L’Indipendente, 26 settembre 2004
Il dottor Schreber e la sua educazione velenosa
Dopo secoli di silenzio sul tema, pareva quasi di incontrare uno strano sconosciuto. In un momento in cui si cominciava a dare fondamento scientifico alle indicazioni pedagogiche, non potevano mancare i sostenitori di un’educazione che riguardasse tutto l’individuo, fatto di muscoli oltre che di cervello. Fu così che la ginnastica diventò materia d’insegnamento anche in Italia. Specchio dei tempi è ancora una volta De Amicis, che nel romanzo breve Amore e ginnastica narra di una Torino di fine Ottocento che si anima al culto della forma fisica.

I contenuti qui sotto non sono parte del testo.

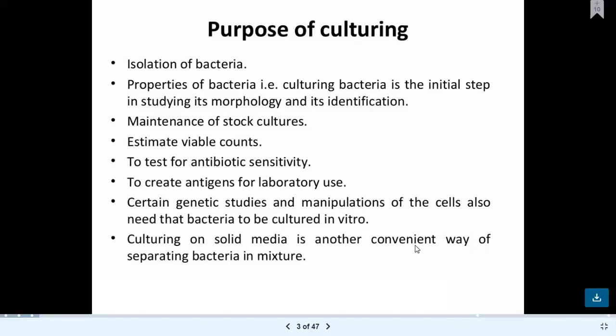The second purpose is studying the properties of bacteria. Culturing bacteria is the initial step in the study of morphology as well as its identification. There are many bacteria to study for morphology and identification, for example Lactobacillus. Morphology refers to the external appearance of bacteria.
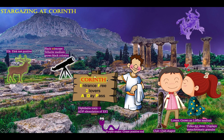Here you see a sign saying 'Corinth — entrance free to lovers, all day pass.' Entrance free to lovers is EF2, elongation factor 2; all day pass is ADP. ADP ribosylation of EF2 is how the diphtheria toxin works.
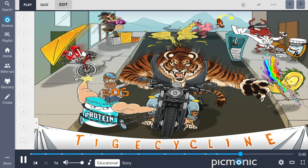To summarize the bacteriostatic agent tigecycline: it is a glycylcycline antibiotic that binds the 30S ribosomal subunit of bacteria, inhibiting protein synthesis. It is reserved for severe infections despite having broad-spectrum coverage over gram-positive, gram-negative, and anaerobic bacteria. Tigecycline also has efficacy against multi-drug-resistant organisms and is able to penetrate deep tissues. Side effects commonly associated with this drug include GI distress with severe nausea and vomiting. Don't forget that tigecycline also increases all-cause mortality, which relegates it to being used as a second-line agent.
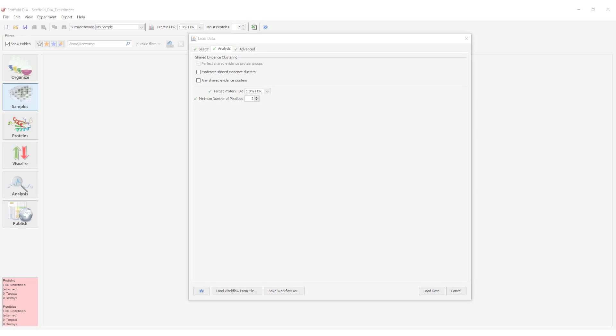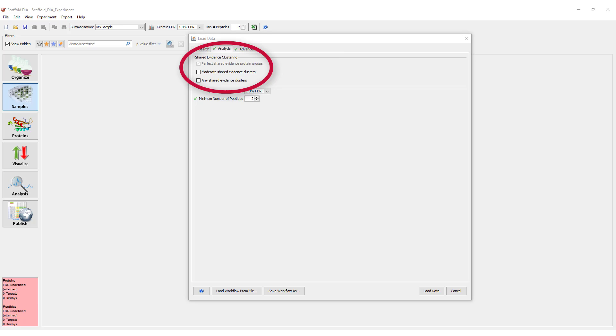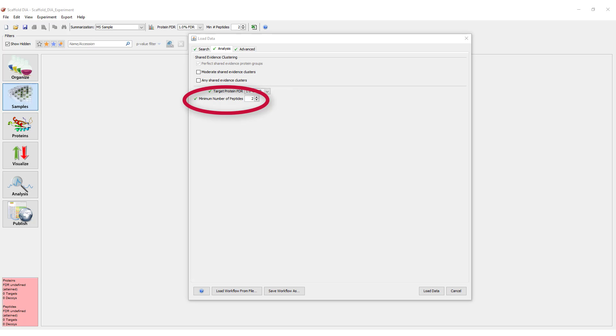The first parameter on the Analysis tab sets the Shared Evidence threshold required to cluster proteins. Next, you can change the target protein FDR and the minimum number of peptides required for identification. Unlike the peptide level FDR threshold, these can be changed in the samples view after data is loaded.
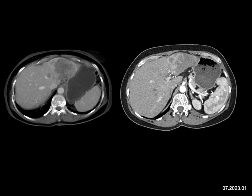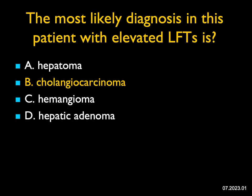Looking at the choices, it could be a primary tumor — hepatoma or cholangiocarcinoma. It's surely not a hemangioma; this is not the appearance of a hemangioma. If this were a hepatic adenoma, it would be one that became malignant. Hepatomas are usually in cirrhotic livers, and this liver is not cirrhotic. Also, hepatomas are usually hypervascular, and this lesion is not. So a hypovascular primary mass in the liver with maybe a little capsular retraction — the best bet is cholangiocarcinoma. And the answer here is cholangiocarcinoma.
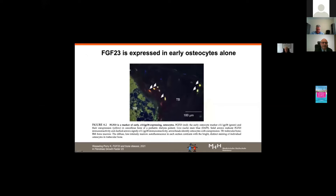Interestingly, FGF23 is not expressed in all bone cells — only in early-stage osteocytes, as shown by co-staining with FGF23 in red together with the osteocyte marker E11, producing yellow staining. We do not yet know why FGF23 is restricted to early osteocytes, but it likely has something to do with bone development.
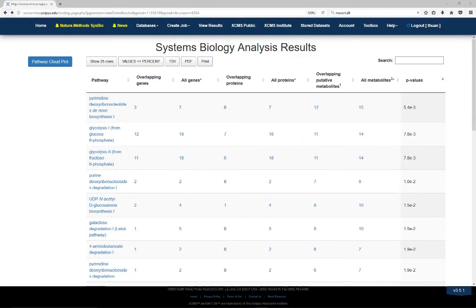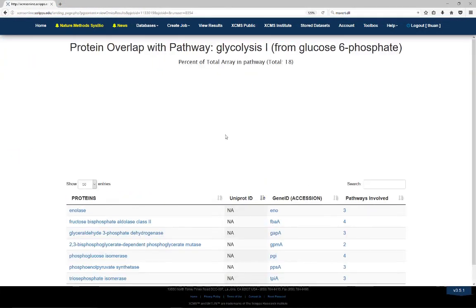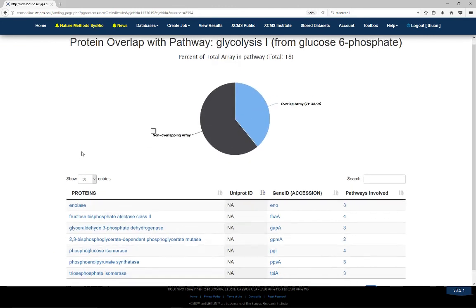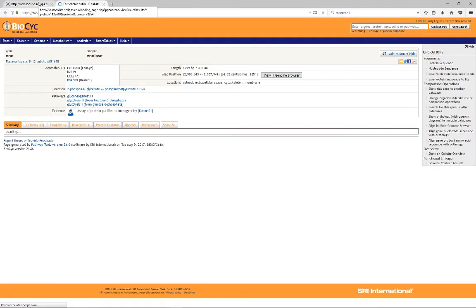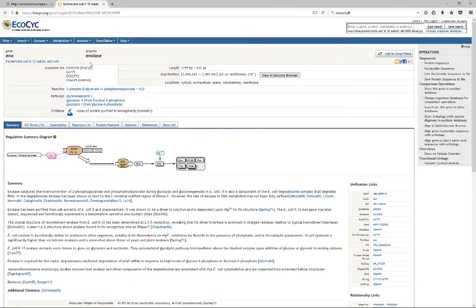In a similar fashion to gene overlap, clicking the overlapping protein number shows the percentage of overlapping proteins in a pathway and a detailed list of the overlapped proteins. Clicking on the proteins in the list links to the Biocyc page that shows related protein information.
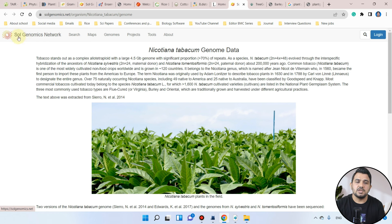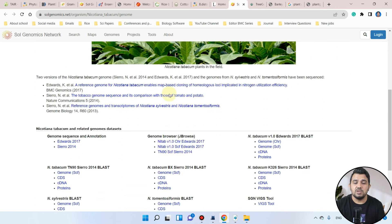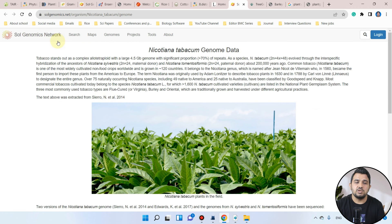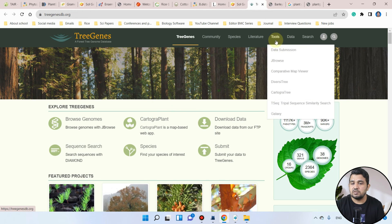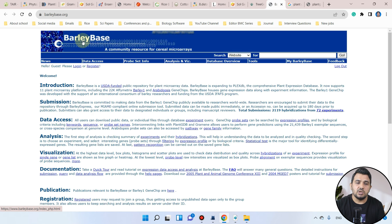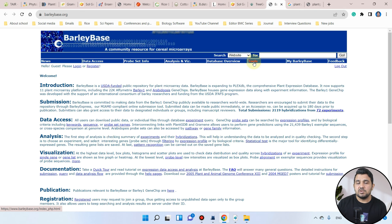The next one is the SOL Genomics Network for Nicotiana tabacum, where we will retrieve sequences for that species. If you are working on any tree species, you will be using Tree Genes and its tool functions. If you are working on barley, you can use the Barley Base and its different tools to identify protein sequences for genome-wide analysis.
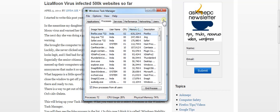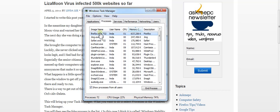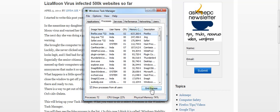Now what you're going to do is look for the virus process. In this case, it's called Windows Stability something. You're going to see something along those lines for this Liza Moon virus, so you just want to click it and end the process.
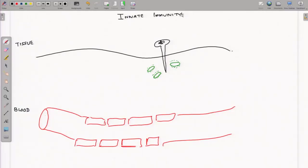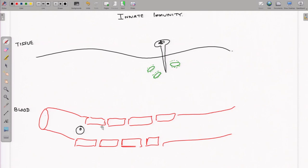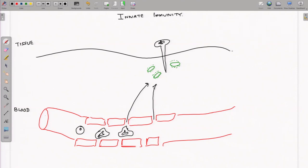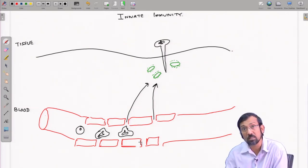Looking at the diagram, whenever there is an infection or tissue damage, bacteria or pathogens enter the site of action. The green ones represent bacteria, for example. If we consider this as the bloodstream, blood is flowing and many immune cells — the mast cells and neutrophils — are present here. These cells will immediately start to migrate to the site of action. There is a specific mechanism by which these cells migrate to the site of action.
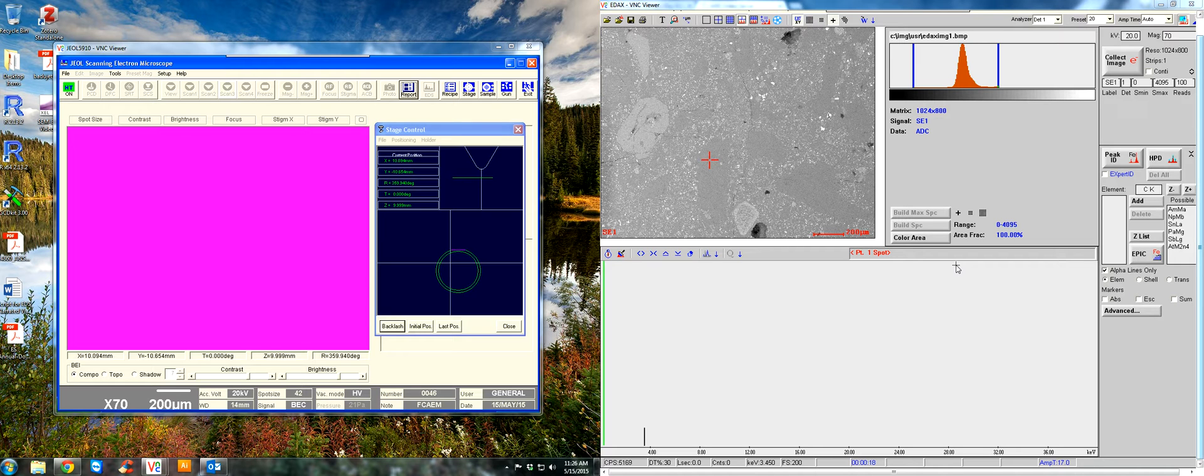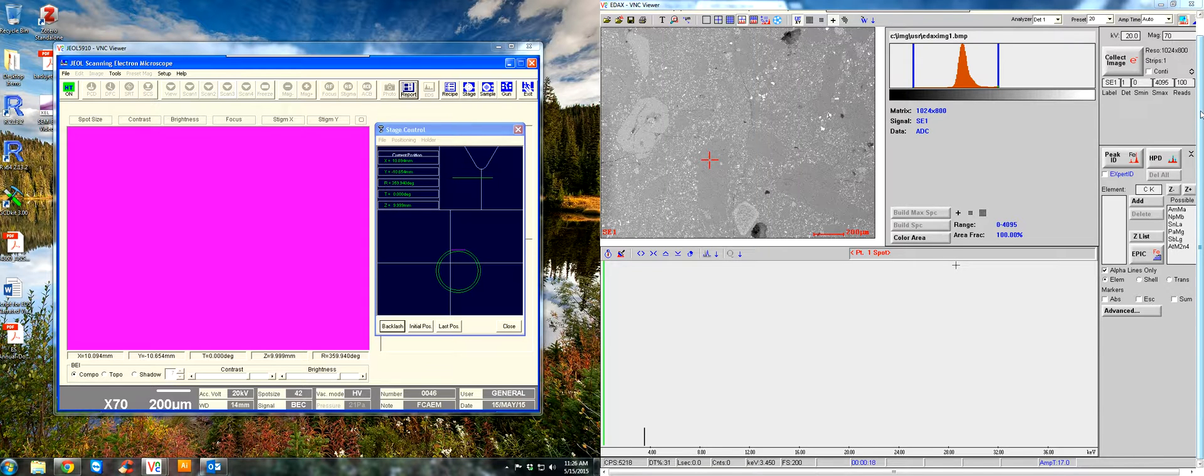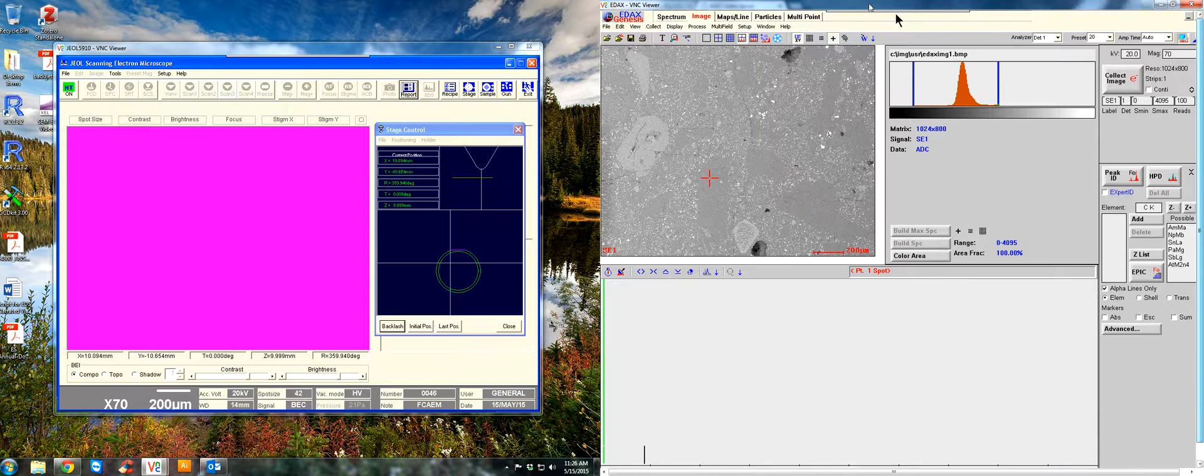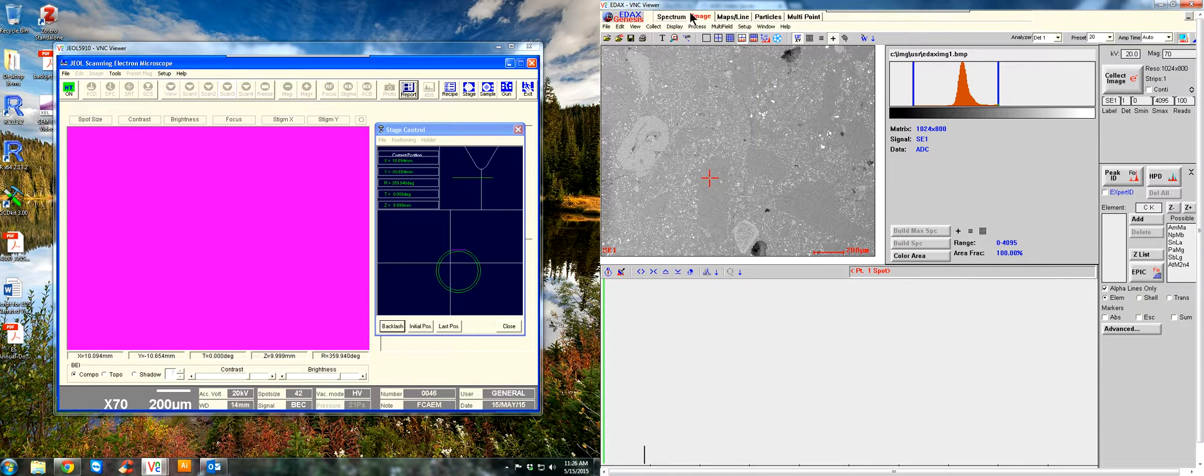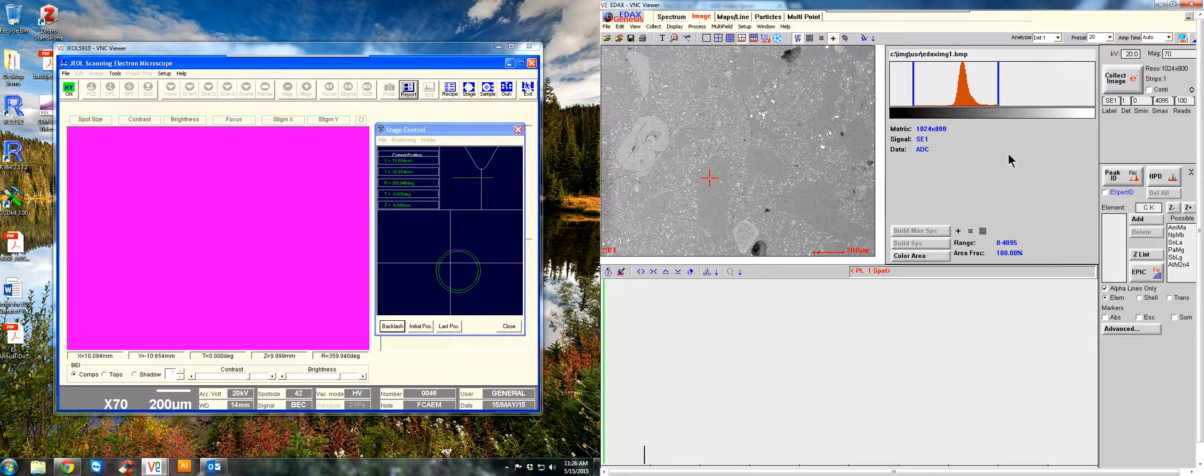Alright, let's do some quantitative analysis on the Genesis software in the image tab, which we're on right now. This is assuming you've already collected an image, adjusted the contrast and brightness, and this is your region of interest.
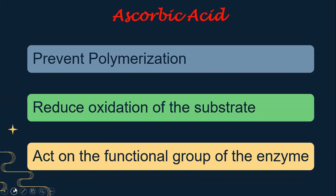Use of ascorbic acid mainly prevents the polymerization. It reduces the oxidation of the substrate and acts as a functional group for the enzyme.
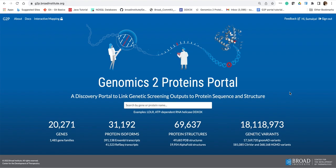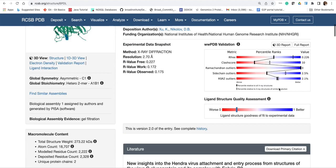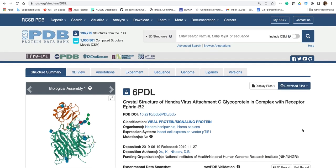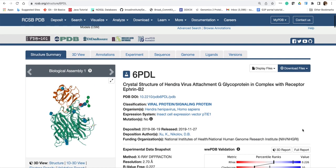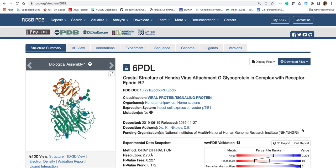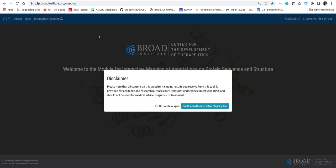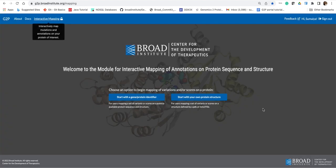I will analyze the structure of Hendra virus glycoprotein bound to the human receptor ephrin-B2. So let's go in and click on the interactive mapping module of the portal.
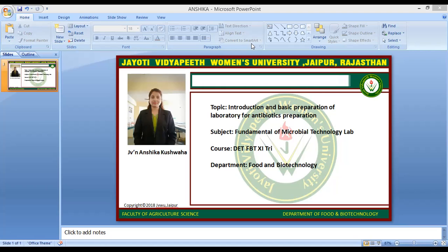The first step of penicillin production is the condensation of three amino acids — L-alpha-aminoadipic acid, L-cysteine, L-valine — into a tripeptide. The second step in the synthesis of penicillin G is the oxidative conversion of the linear ACV into the bicyclic intermediate isopenicillin N by isopenicillin N-synthetase. The final step is an intramolecular transamidation by isopenicillin N-acyltransferase, in which the alpha-aminoadipyl side chain of isopenicillin N is removed and exchanged for a phenylacetyl side chain.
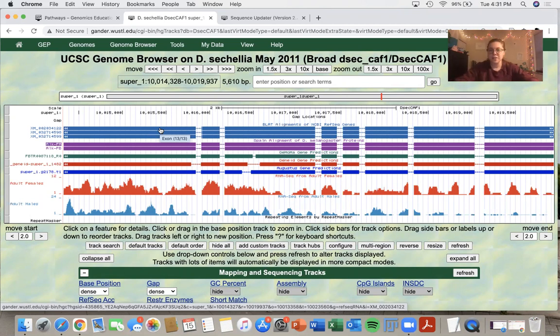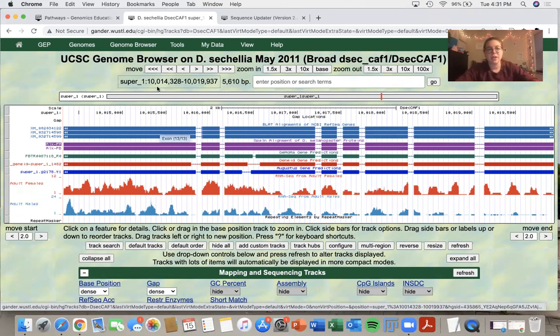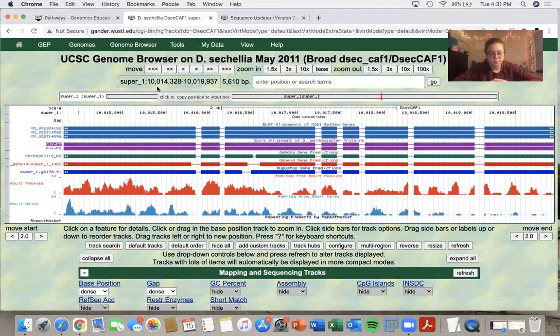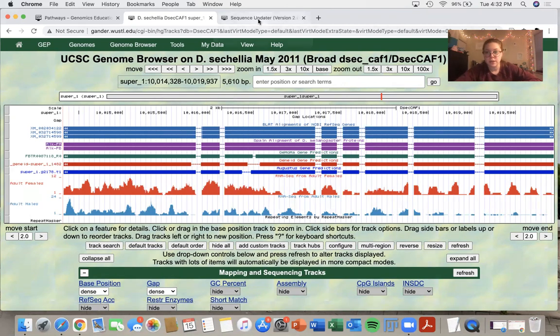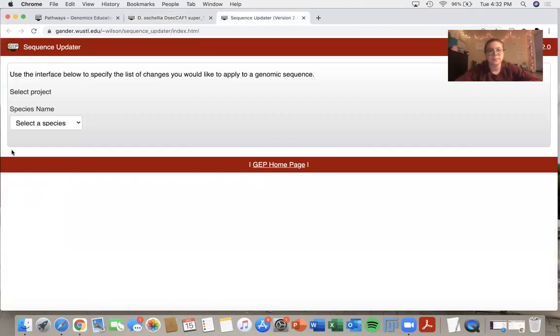So back to this annotation. As I said, I'm going to be using the ALK gene in Drosophila sechellia, so I navigated there. And now I will show you what the sequence updater looks like.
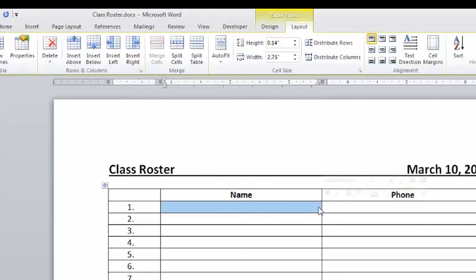So either I can take the whole column and adjust the width of that which was our first example, or I can take just the cell portion and adjust the size of the one cell. It kind of depends on what you need to do with your table. I'm Shannon Grossi and that's how you can change the size of the cells in your tables.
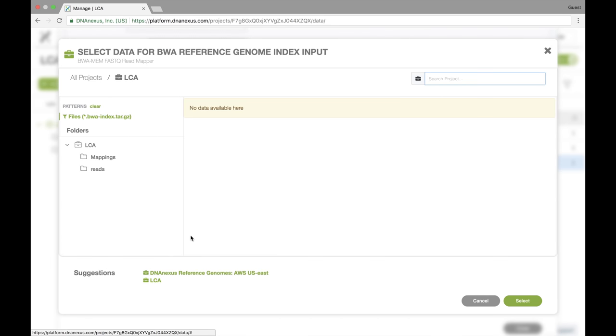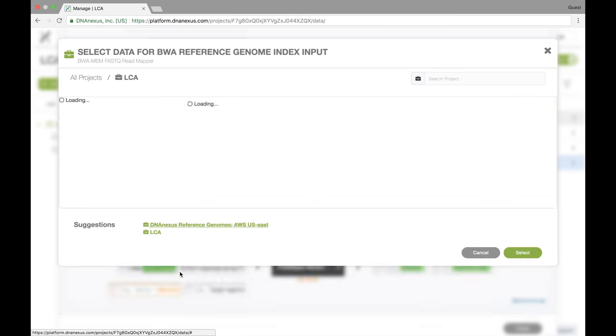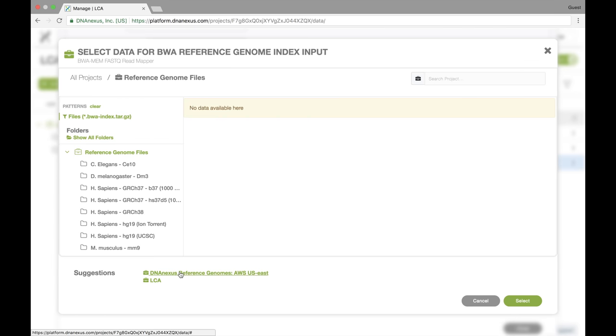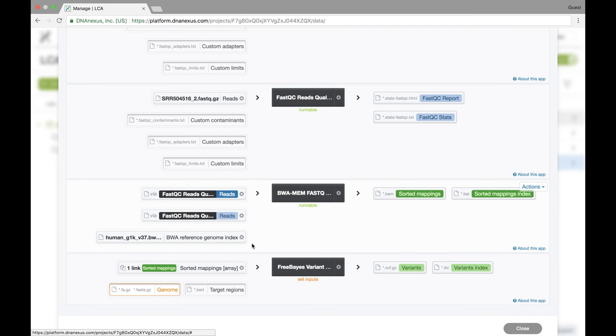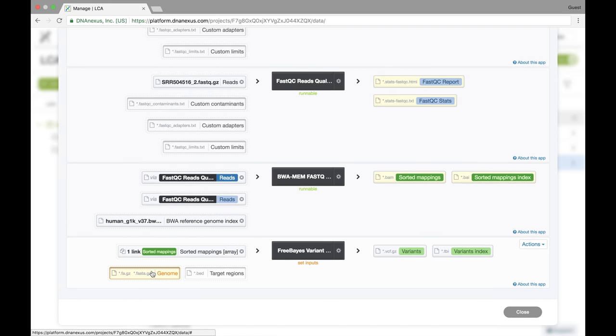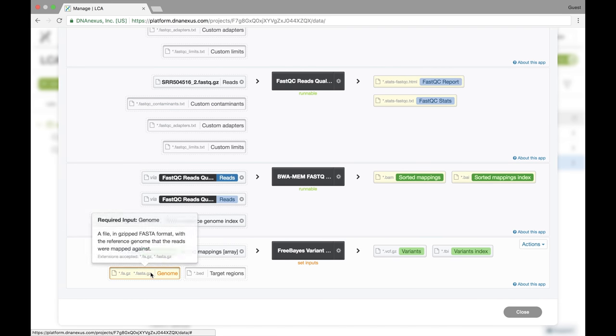Again, in our current project, we don't have any reference genome index here. What we can do is go to a public project sponsored by DNA Nexus and select hg19. For popular reference genomes, we pre-index them using bioinformatics tools. So we simply select it.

Così i nostri maestri, che faticavano anche solo per farsi capire quando parlavano in italiano (sempre ammesso che lo parlassero), si misero a imparare esercizi ginnici per gli scolari.
Uno dei più entusiasti sostenitori dell’educazione del corpo fu il medico e pedagogista tedesco Daniel Gottlob Moritz Schreber (1808 – 1861), che ebbe l’onore di dare il proprio nome a molte associazioni che nacquero ovunque in Germania e che si occupavano di educazione del corpo, di lavoro manuale ecc. La sua idea era che si dovesse curare la fiacchezza spirituale e fisica che sfiniva i popoli. Tutto bene fino a quando un figlio di tanto padre, brillante giurista, a quarantadue anni, impazzì. Preda di allucinazioni, si vedeva vittima di torture che un dio crudele gli infliggeva. Dopo qualche anno, quasi guarito, scrisse il libro Memorie di un malato di nervi e fu un successo. In breve ricadde nella malattia e fu internato in manicomio dove alla fine spirò. La vicenda attirò l’attenzione di Sigmund Freud, il quale notò analogie sconcertanti fra la prassi pedagogica del padre e le allucinazioni del figlio. Andando a guardare meglio la storia familiare del dottor Schereber, si scoprì che oltre al figlio impazzito ce n’era un altro morto suicida e una sorella anch’essa sofferente di gravi turbe psichiche.